These days, some homeowners are getting a bigger rise out of the risers themselves. This is not unusual in the Southwest or in countries such as Mexico, Morocco, Greece and Turkey, where decorative tiles often are installed on the non-tread parts of stairs. No matter what the background — terra cotta or white stucco — ebullient patterns, usually strong geometrics or stylized florals, positively pop and add to the architecture even in the plainest of applications.
Tile in sizes close to the height of the risers effectively frames its entire pattern. But smaller scale, even mosaics can work. We’ve seen mosaics in iridescent hues, such as watery blue greens, that add unexpected luster. Mirrored mosaics lend a glam vibe, in the same way silver and gold leaf do on ceilings.
Patterns on risers are especially dramatic when the backdrop is simple, clean and modern. One of the most striking catalog covers in recent years is from Serena & Lily, a home decor site with a retail store in the Hamptons. The company is known especially for its fabrics and bedding. In an all-white setting — stairs, railings, wainscoting and walls — designers cut from lengths of eight graphically patterned fabrics in a palette of deep blue and white, one with vivid accents of coral, and adhered them to risers. Effect: totally original and artistic.
So the DIY quotient, not surprisingly, has ramped up an amazing range of creativity, often with results posted on Pinterest or websites like Houzz (www.houzz.com) or Apartment Therapy (www.apartmenttherapy.com). One posting of a creative spruce-up featured four modern patterned wallcoverings leftover from projects. The homeowner, Vancouver designer Jennifer Scott, took it a step further: She added vintage address numbers as a whimsical way for her daughter to interact with the space while learning to count. One tip: Scott used double-stick tape instead of glue.
Or check out removable wallcoverings, which some call ”slipcovers for walls.” Libby Langdon’s Chic Chevron pattern for Casart Coverings (www.casartcoverings.com) is an attention grabber. It comes in sailor blue, totally teal, orange fire and silver gray. Brewster’s WallPops (www.wallpops.com), especially the “happy chic, groovy graphic “ designs from Jonathan Adler, also would rock the risers.

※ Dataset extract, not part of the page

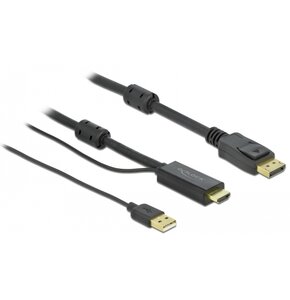 Kabel HDMI - Displayport DELOCK 2 m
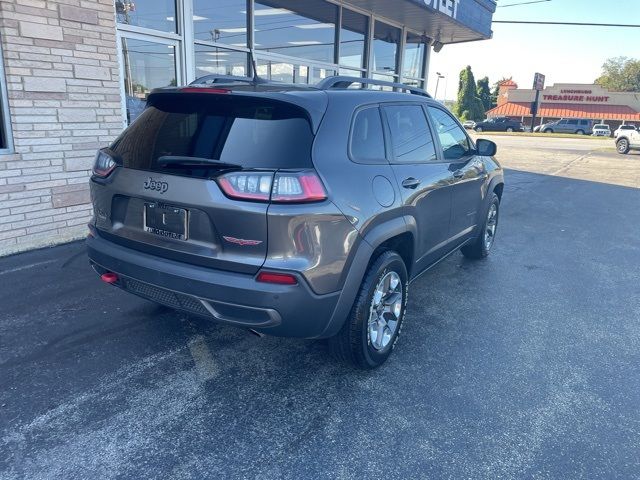 2019 Jeep Cherokee Trailhawk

Clever installs include using leftover patterned linoleum, chalkboard paint, house numbers, decals, text (from inspirational quotes to Bible passages to just funny stuff), and even metal grates. Years ago, some magazines featured the use of anaglypta as a riser cover. The embossed patterns, which come in a range of motifs, mimic tin ceiling tiles often employed at the dawn of the 20th century. Come to think of it, you could actually cut vintage tins to fit.
Nailheads could be another cool, fashion-inspired idea, one replicating the studs so prevalent on handbags, shoes and leather jackets. Several years back, one imaginative woman took a bottle cap collection in a rainbow of colors and painstakingly applied them in perfect rows to risers, a look that well suited her eclectic Arts and Crafts-style Chicago home.
One craft gaining a lot of attention is stenciling, mostly because companies such as Royal Design Studio are providing stunning patterns, and dishing plenty of how-to advice. Whether it’s simply black on white or complex combinations of colors that really resemble those multicolored ethnic ceramic or concrete tiles, the possibilities are pretty much limitless when you factor in your fave color schemes.
Pretty much the sky’s the limit, from smart tailored motifs to bling-y to pop and from op-art graphics to rustic, country or elegant traditional. Heck, you could even go a little romantic with an old-fashioned hydrangea floral or even a toile.
Put on a happy stair face. As long as the colors and patterns complement spaces in the same ZIP code, it should be a stairway to style.